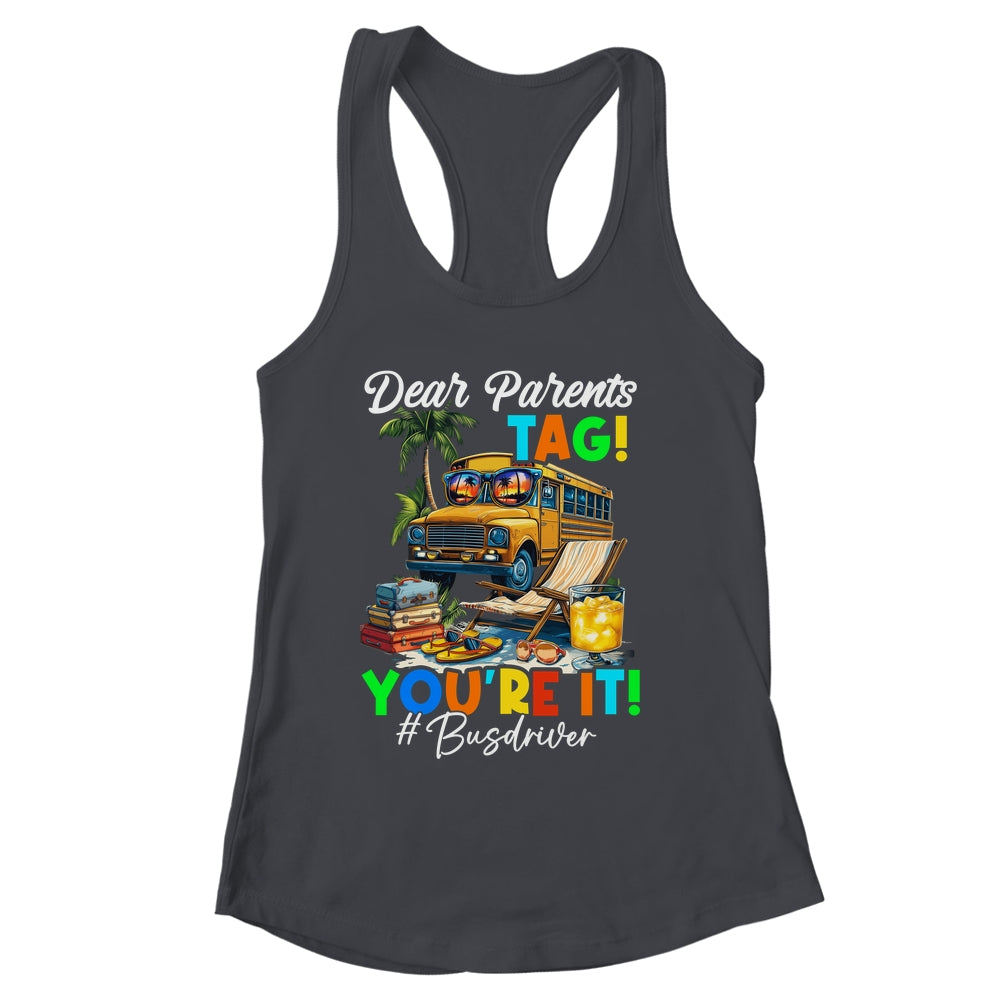 Dear Parents Tag It Last Day Of School Bus Driver Summer Shirt & Tank Top | siriusteestore
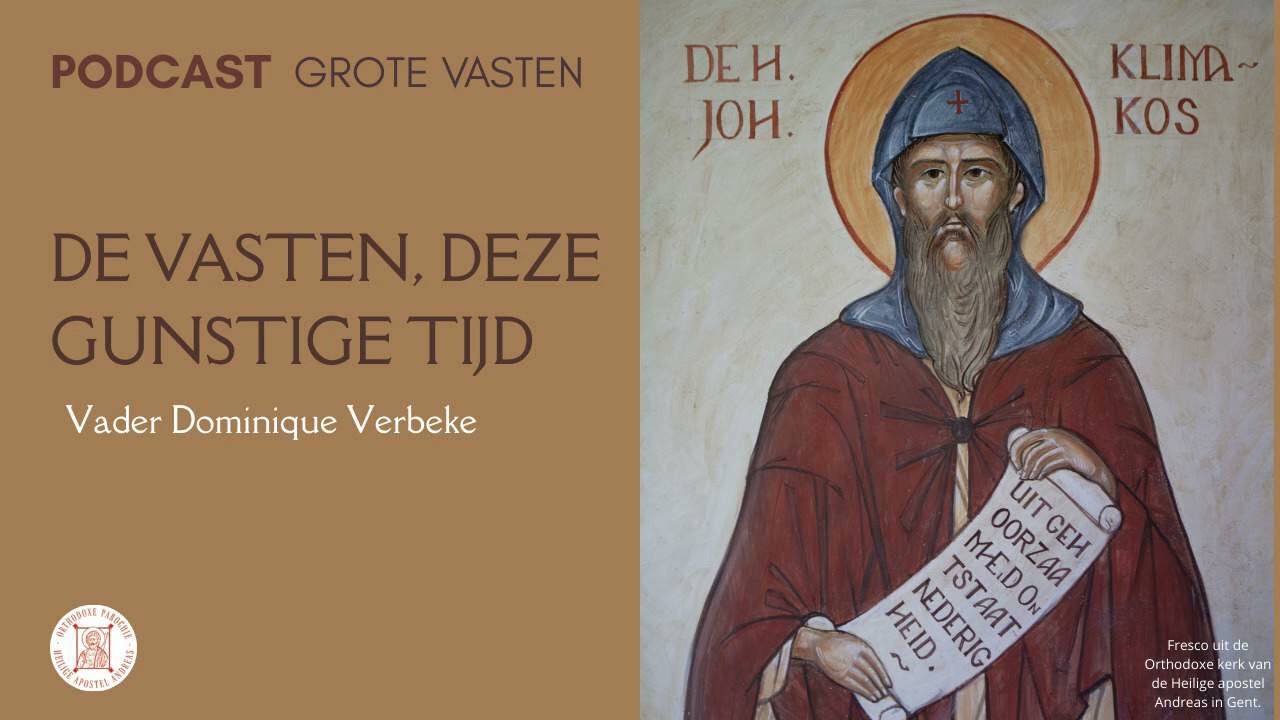 Grote Vasten Podcast - De vasten, deze gunstige tijd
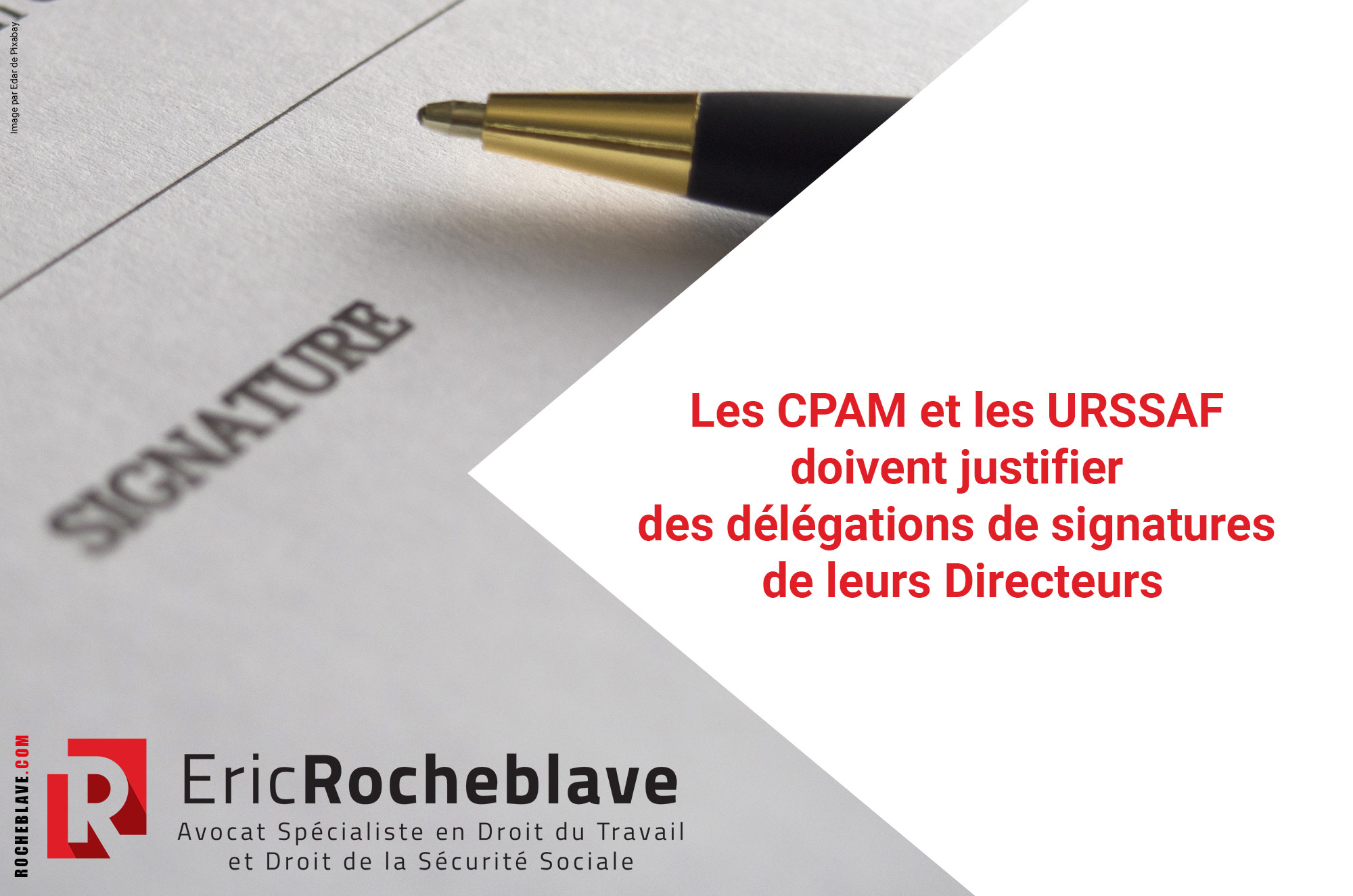 Les CPAM et les URSSAF doivent justifier des délégations de signatures de leurs Directeurs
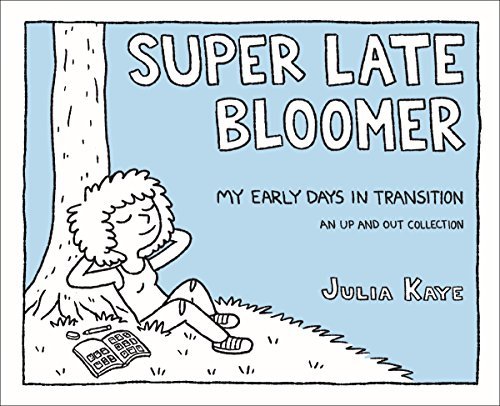 Super Late Bloomer: My Early Days in Transition (Up and Out Collection)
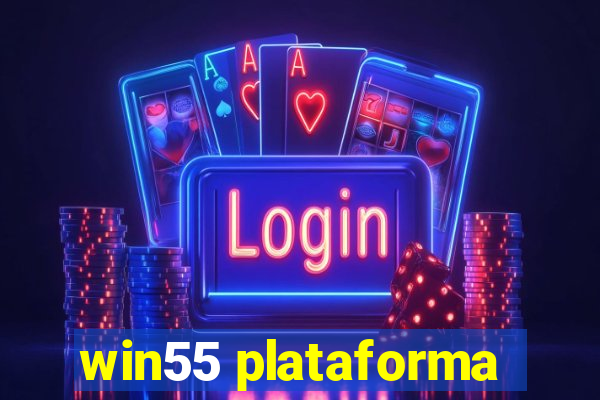 win55 plataforma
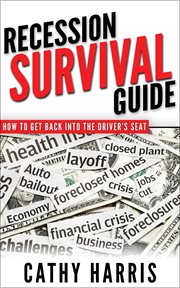 Recession Survival Guide : How to Get back Into the Driver's Seat cover image cdn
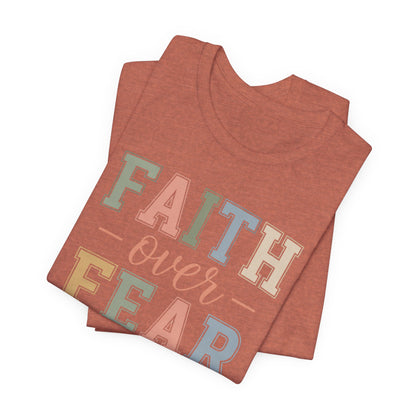 Faith Over Fear Graphic Tee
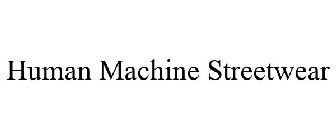 HUMAN MACHINE STREETWEAR
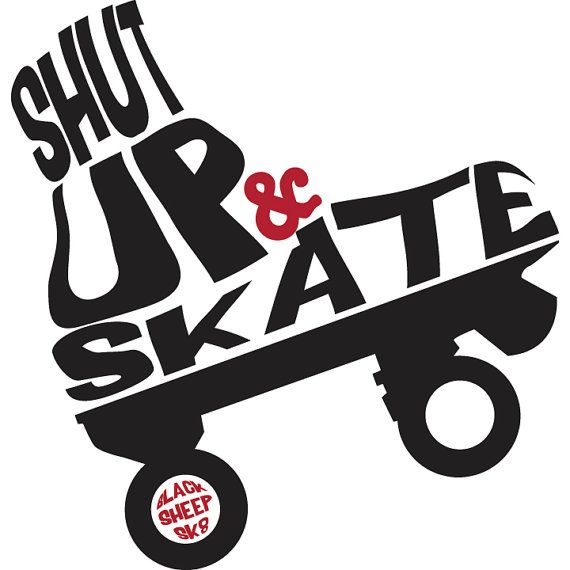 1000+ images about Roller Skating Quotes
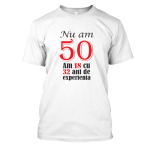Tricou personalizat Nu am 50 ani
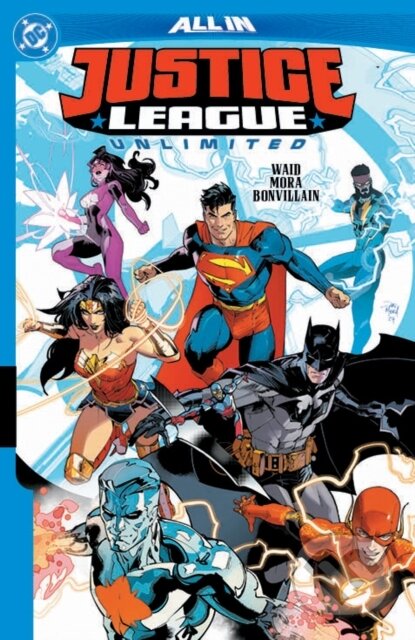 Kniha: Justice League Unlimited Vol. 1: Into the Inferno (Dan Mora a Mark Waid). DC Comics, 2025 Kniha: Justice League Unlimited Vol. 1: Into the Inferno (Dan Mora a Mark Waid). DC Comics, 2025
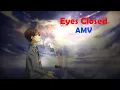 Lagu Your Lie in April「AMV」Ed Sheeran Eyes Closed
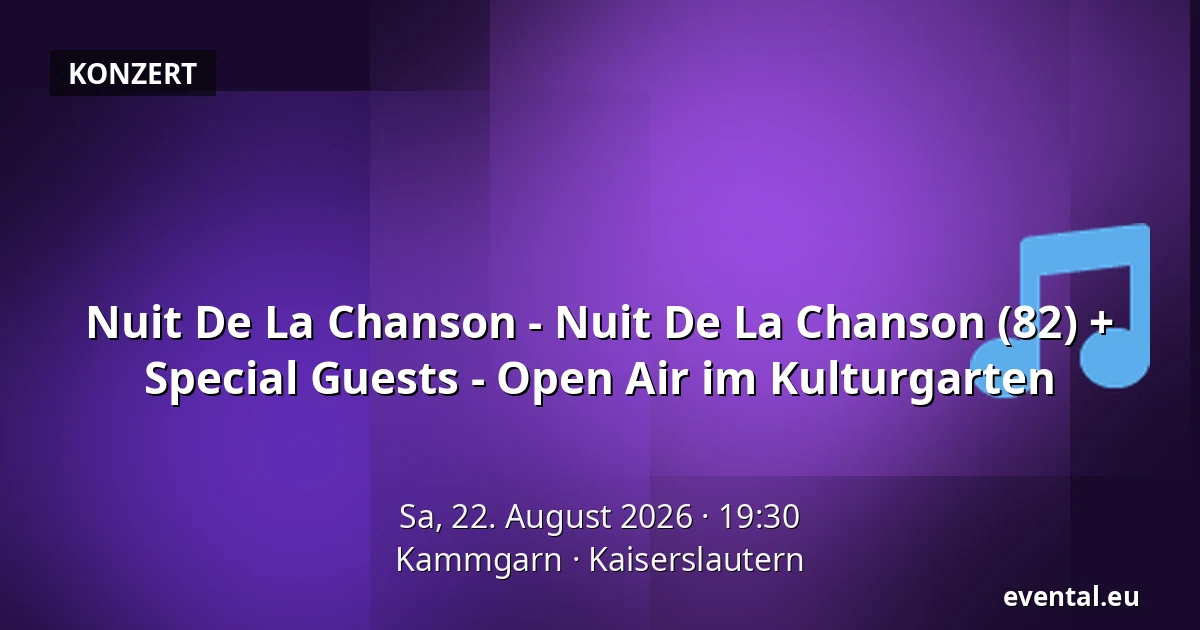 Nuit De La Chanson - Nuit De La Chanson (82) + Special Guests - Open Air im Kulturgarten — Kammgarn, Kaiserslautern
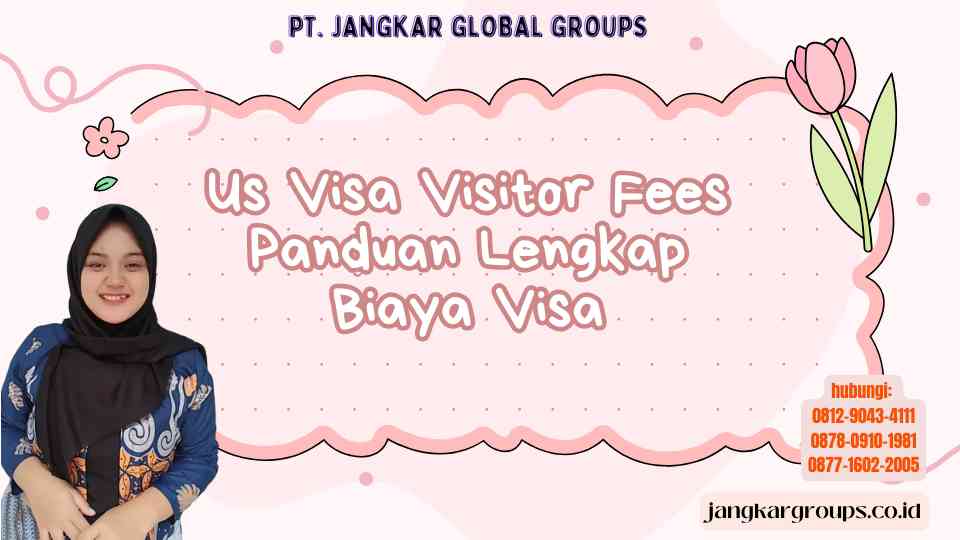 Us Visa Visitor Fees Panduan Lengkap Biaya Visa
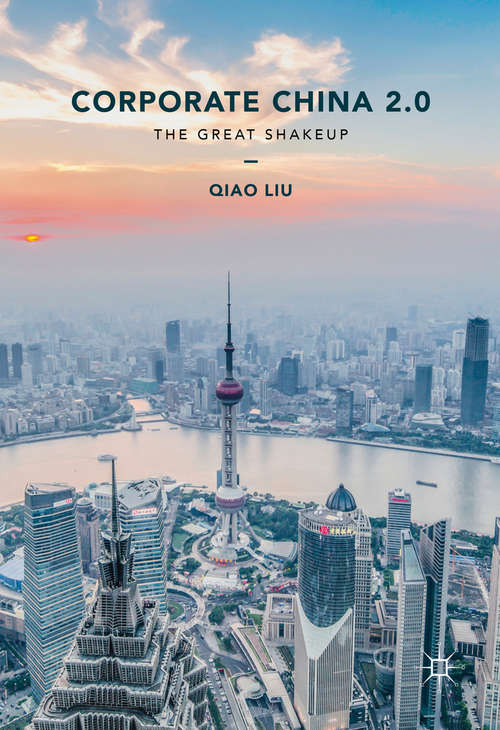 Book cover of Corporate China 2.0: The Great Shakeup (1st ed. 2016)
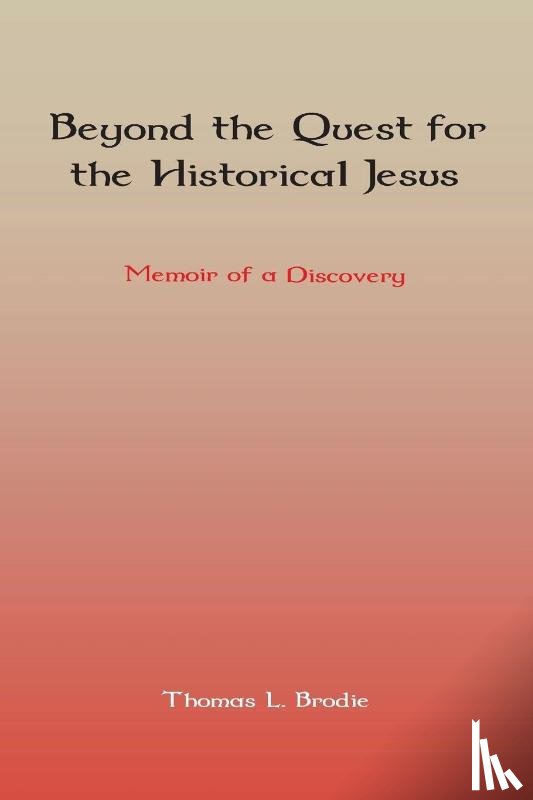 Brodie, Thomas L. - Beyond the Quest for the Historical Jesus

> Task goal
Above this task is a listing with pictures in it. Retype only the lines from the one containing "Recession Survival Guide" through the one containing "Lagu Your Lie", both included, and not the pictures.

> Exercise output
 Recession Survival Guide : How to Get back Into the Driver's Seat cover image cdn
 Faith Over Fear Graphic Tee
 HUMAN MACHINE STREETWEAR
 1000+ images about Roller Skating Quotes
Tricou personalizat Nu am 50 ani
 Kniha: Justice League Unlimited Vol. 1: Into the Inferno (Dan Mora a Mark Waid). DC Comics, 2025 Kniha: Justice League Unlimited Vol. 1: Into the Inferno (Dan Mora a Mark Waid). DC Comics, 2025
 Lagu Your Lie in April「AMV」Ed Sheeran Eyes Closed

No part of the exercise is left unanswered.